Step 3: make [tm, tn] to be taken to few 4 concrete time periods [t1, t2], [t3, t4], [t5, t6], [t7, t8] respectively, the group that establishes an equation solves L by matrix inversion: wherein,

$A_3=\left[\begin{array}{ccccc}{\&Integral;}_{t1}^{t2}(i_{\mathrm{\&phi;}}+3k_r{i}_0)dt& (i_{\mathrm{\&phi;}}+3k_x{i}_0){|}_{t1}^{t2}& \left(i_{30}\right){|}_{t1}^{t2}& {\&Integral;}_{t1}^{t2}{\&Integral;}_{t0}^t{i}_{\mathrm{\&phi;}}dt& {\&Integral;}_{t1}^{t2}dt\\ {\&Integral;}_{t3}^{t4}(i_{\mathrm{\&phi;}}+3k_r{i}_0)dt& (i_{\mathrm{\&phi;}}+3k_x{i}_0){|}_{t3}^{t4}& \left(i_{30}\right){|}_{t3}^{t4}& {\&Integral;}_{t3}^{t4}{\&Integral;}_{t0}^t{i}_{\mathrm{\&phi;}}dt& {\&Integral;}_{t3}^{t4}dt\\ {\&Integral;}_{t5}^{t6}(i_{\mathrm{\&phi;}}+3k_r{i}_0)dt& (i_{\mathrm{\&phi;}}+3k_x{i}_0){|}_{t5}^{t6}& \left(i_{30}\right){|}_{t5}^{t6}& {\&Integral;}_{t5}^{t6}{\&Integral;}_{t0}^t{i}_{\mathrm{\&phi;}}dt& {\&Integral;}_{t5}^{t6}dt\\ {\&Integral;}_{t7}^{t8}(i_{\mathrm{\&phi;}}+3k_r{i}_0)dt& (i_{\mathrm{\&phi;}}+3k_x{i}_0){|}_{t7}^{t8}& \left(i_{30}\right){|}_{t7}^{t8}& {\&Integral;}_{t7}^{t8}{\&Integral;}_{t0}^t{i}_{\mathrm{\&phi;}}dt& {\&Integral;}_{t7}^{t8}dt\\ {\&Integral;}_{t9}^{t10}(i_{\mathrm{\&phi;}}+3k_r{i}_0)dt& (i_{\mathrm{\&phi;}}+3k_x{i}_0){|}_{t9}^{t10}& \left(i_{30}\right){|}_{t9}^{t10}& {\&Integral;}_{t9}^{t10}{\&Integral;}_{t0}^t{i}_{\mathrm{\&phi;}}dt& {\&Integral;}_{t9}^{t10}dt\end{array}\right]$

$B_3=\left[\begin{array}{c}R\\ L\\ L_m\\ \frac{1}{C}\\ u_0\end{array}\right]$

$C_{\text{3}}=\left[\begin{array}{c}{\&Integral;}_{t1}^{t2}{u}_{\mathrm{\&phi;}\mathrm{\&psi;}}dt\\ {\&Integral;}_{t3}^{t4}{u}_{\mathrm{\&phi;}\mathrm{\&psi;}}dt\\ {\&Integral;}_{t5}^{t6}{u}_{\mathrm{\&phi;}\mathrm{\&psi;}}dt\\ {\&Integral;}_{t7}^{t8}{u}_{\mathrm{\&phi;}\mathrm{\&psi;}}dt\\ {\&Integral;}_{t9}^{t10}{u}_{\mathrm{\&phi;}\mathrm{\&psi;}}dt\end{array}\right]$

B ₃＝A ₃ ^-1C ₃(11)。

Method of the present invention adopts single end distance measurement; and consider the various situations of actual Series compensation lines fault comprehensively; abandon all unreasonable hypothesis of conventional failure range finding; the fault distance that this method is calculated is more accurate; the voltage do not caused by series compensation capacitance, electric current oppositely and the nonlinear of MOV affect, thus provide strong basis for the correctness of distance protection action.

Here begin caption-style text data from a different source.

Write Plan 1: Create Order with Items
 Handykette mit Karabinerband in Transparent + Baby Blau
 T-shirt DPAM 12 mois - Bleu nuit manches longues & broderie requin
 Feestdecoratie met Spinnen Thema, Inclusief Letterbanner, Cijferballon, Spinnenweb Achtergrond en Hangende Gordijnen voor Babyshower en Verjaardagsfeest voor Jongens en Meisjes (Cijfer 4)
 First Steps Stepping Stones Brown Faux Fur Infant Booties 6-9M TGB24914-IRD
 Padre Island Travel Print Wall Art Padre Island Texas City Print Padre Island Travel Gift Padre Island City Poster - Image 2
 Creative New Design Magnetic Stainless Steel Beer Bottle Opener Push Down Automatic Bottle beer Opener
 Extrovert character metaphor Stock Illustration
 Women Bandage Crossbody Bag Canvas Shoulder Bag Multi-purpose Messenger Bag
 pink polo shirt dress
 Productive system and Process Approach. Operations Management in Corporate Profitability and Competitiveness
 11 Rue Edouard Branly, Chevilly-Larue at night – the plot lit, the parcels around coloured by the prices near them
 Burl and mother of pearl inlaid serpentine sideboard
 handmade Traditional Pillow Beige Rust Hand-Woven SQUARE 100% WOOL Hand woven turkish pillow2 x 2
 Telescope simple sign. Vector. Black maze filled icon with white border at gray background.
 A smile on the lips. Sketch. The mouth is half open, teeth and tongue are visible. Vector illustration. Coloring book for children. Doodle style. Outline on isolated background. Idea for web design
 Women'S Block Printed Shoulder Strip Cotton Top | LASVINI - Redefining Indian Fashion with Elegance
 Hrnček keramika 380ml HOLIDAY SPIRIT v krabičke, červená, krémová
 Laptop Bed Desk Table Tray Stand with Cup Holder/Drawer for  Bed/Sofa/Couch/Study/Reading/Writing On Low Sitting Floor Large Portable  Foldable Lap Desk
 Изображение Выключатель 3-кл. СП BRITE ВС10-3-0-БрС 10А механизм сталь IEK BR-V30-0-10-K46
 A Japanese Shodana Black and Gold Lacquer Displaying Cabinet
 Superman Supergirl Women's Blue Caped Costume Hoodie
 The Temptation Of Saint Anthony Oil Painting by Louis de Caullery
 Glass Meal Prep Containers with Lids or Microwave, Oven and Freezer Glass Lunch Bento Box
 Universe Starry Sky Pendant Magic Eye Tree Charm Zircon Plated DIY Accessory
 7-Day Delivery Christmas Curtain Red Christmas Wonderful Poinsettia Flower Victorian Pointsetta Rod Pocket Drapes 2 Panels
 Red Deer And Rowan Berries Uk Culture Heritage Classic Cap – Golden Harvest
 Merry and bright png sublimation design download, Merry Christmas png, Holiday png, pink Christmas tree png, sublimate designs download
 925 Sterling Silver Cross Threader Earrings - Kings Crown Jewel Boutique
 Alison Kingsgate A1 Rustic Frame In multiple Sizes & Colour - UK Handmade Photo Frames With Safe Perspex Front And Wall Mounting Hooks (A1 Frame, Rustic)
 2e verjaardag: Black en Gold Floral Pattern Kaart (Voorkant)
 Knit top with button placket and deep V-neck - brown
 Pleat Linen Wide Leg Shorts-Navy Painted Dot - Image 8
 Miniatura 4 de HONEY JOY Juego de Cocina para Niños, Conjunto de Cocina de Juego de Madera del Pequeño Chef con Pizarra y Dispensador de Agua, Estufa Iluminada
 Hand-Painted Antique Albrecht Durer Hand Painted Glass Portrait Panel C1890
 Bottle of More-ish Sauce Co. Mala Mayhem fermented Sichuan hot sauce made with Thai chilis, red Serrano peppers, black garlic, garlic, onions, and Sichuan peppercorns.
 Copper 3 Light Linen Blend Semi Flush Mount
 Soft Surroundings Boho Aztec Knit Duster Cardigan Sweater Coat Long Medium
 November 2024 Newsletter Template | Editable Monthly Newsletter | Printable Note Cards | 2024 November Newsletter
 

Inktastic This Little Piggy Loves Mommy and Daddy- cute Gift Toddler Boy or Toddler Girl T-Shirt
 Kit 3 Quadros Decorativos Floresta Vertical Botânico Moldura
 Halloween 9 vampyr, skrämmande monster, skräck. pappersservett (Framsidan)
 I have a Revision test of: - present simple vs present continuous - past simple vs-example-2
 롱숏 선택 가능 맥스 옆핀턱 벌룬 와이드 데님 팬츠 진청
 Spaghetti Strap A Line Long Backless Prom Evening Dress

Accompanying drawing illustrates:

Accompanying drawing 1 is the circuit diagram of single time Series compensation lines fault.

Accompanying drawing 2 is circuit diagrams of double back Series compensation lines fault.

Accompanying drawing 3 is the local circuit schematic diagram of fault distance D in accompanying drawing 1,2.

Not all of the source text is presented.